Wasser - so viel Mehr als H2O TEIL III

  • Ein wenig Lektüre zum Thema Aquarienchemie
    Der Stickstoffkreislauf



    Auch der Stickstoffkreislauf besteht aus verschiedenen Stoffpools, da die Stickstoffverbindungen in unterschiedlicher Form auftreten.

    PON:

    Der PON Pool gibt den partikulären organischen Stickstoff an. Hierzu gehören Lebewesen, die unter anderem aus Stickstoff bestehen. Aminosäuren enthalten eine Aminogruppe und sind somit stickstoffhaltig.

    DON:

    Durch Exkretion von Konsumenten und dem Tod von Produzenten und Konsumenten fällt gelöster organischer Stickstoff an.

    DIN:

    Ammonium, Nitrit und Nitrat gehören zum gelösten anorganischen Stickstoff Pool.

    Das Zusammenspiel

    Produzenten werden von Konsumenten gefressen und verdaut. Das verdaute Material scheiden die Konsumenten in Form von Kot aus. Dies erzeugt gelösten organischen Stickstoff, welcher auch durch tote Konsumenten und Produzenten anfallen kann. Die gelösten organischen Stickstoffverbindungen durchlaufen nun die Ammonifikation und Nitrifikation. Die Denitrifikation findet im Aquarium nur selten statt. Das Endprodukt der Nitrifikation, das Nitrat, dient den Pflanzen als Mineralstoff, der wichtig für die Assimilation ist.

    Ammonifikation

    Die gelösten organischen Stickstoffverbindungen können beispielsweise Aminosäuren sein, welche in Proteinen vorkommen.

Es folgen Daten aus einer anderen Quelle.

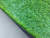 Искусственный газон 8800 dteks двухцветный темно-зеленый и светло-зеленый, 40 мм #6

    R-NH2 + H2O --> NH3 + R-OH




    Ammoniak ist eine schwache Base und reagiert deshalb basisch.

    R-NH2 + H3O+ --> NH4+ + R-OH

    Es entsteht nun Ammonium, welches ein Mineralstoff für Pflanzen ist. Es ist wichtig, dass kein Ammoniak entsteht, denn Ammoniak ist ein Zellgift und kann schon in geringen Mengen einen großen Fischverlust verursachen.
    Ab pH 7 sind nur noch wenige Oxonium-Ionen vorhanden. Ammoniak reagiert dann auch mit Wasser.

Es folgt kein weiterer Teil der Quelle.